「へっくちっ!!!」
廃れた街に、少年のくしゃみが響く。
先の山から早数時間、街にたどり着いた少年が見たのは人一人としていない廃れた街だった。たどり着いた時には、生存者が居るかもしれないと街中を歩き回ったが、もはやそれも諦めた。民家の中にも、シェルターの中にも誰一人として見つけることができなかったからだ。最初は落胆していた少年だが、すぐに気持ちを切り替え、今は食料探しに奔走していた。
「おじゃましまーす、、、」
少しばかり大きなマーケット、比喩的大きな破損も見受けられず、少年はゆっくり扉を開ける。中は静まり返っている。少し不気味に思いながらも、少年は探索を開始した。
「うえ~、、、くさってる」
肉や野菜などは腐ってしまい全滅している。上辺の物を退け、奥も見てみるがやはり一緒だった。そして少年は思い出す。仮に肉や野菜が食べられる状態であったとしても、調理ができない、と。そそくさとその場を去る少年。顔は少し赤い
「お菓子~、お菓子はないかな~」
先ほどの失敗など知ったこっちゃない。誰も見ていないのだ。

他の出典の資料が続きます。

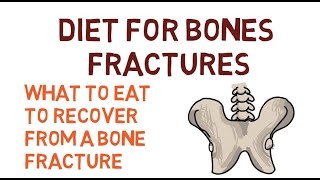 DIET TO RECOVER FROM A FRACTURED FEMUR, HIP, BONES, SPRAINS AND FRACTURES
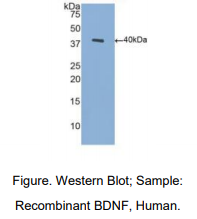 https://msimg.bioon.com/bionline/goods-no-pic.png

少年は、かつては子供達と、それに引っ張られる親達で賑わったであろうお菓子売り場にやってきた。
物色する少年。その腕の中に、次々と食べられるであろう袋菓子やキャンディーなどが溜まっていく。その顔はだらしなく歪んでいる。少年はお菓子が大好きだ。昔、少年がまだ戦場ではなく研究所に居た頃、どんなに辛い実験でも職員がたまにくれるご褒美の飴玉で我慢できた程に。
大量に抱えられるお菓子。その職員がいたら怒られて全て取り上げられただろう。だがそんな存在もここには居ない。少年にとっては正に、地獄の中のオアシスなのだ。
「う~ん。たいりょうたいりょう!」
探索を終えた少年は満足気に頷く。足元には大量のお菓子、お菓子、お菓子。まさに子供の夢とでも言えるその光景。少年はゆっくりと、その場に腰を下ろした。
「、、、、、」
少年はふと、側にある窓を覗く。強く地面を叩く様に降る雨。その音は、マーケット内にも響いている。少年は雨が嫌いだった。匂いが分かりづらくなるからだ。不意に、雨と血の匂いが少年の鼻に入り、顔を顰める。
「、、、くさい」
少年は雨と血が染み込み異臭を放つ自らのコートを見る。防弾、防刃性に優れ、体温も逃がしにくい構造のそれは、今の少年には欠かせない物。だが少年はなんの躊躇もなく脱ぐ。マーケット内は温かいのだ。態々異臭を放つ物を着る必要もないと思ったのだろう。黒のコートから現れたカールスラント軍の軍服。どこか威圧感があった姿も、歳相応に落ち着いた。
「ふ~、、、よし、たべよ!」
少年は一息つくと、視線を大量のお菓子に戻し、どれから食べるか悩む。そして、少年は気付いていない。自分に近づく影の姿に。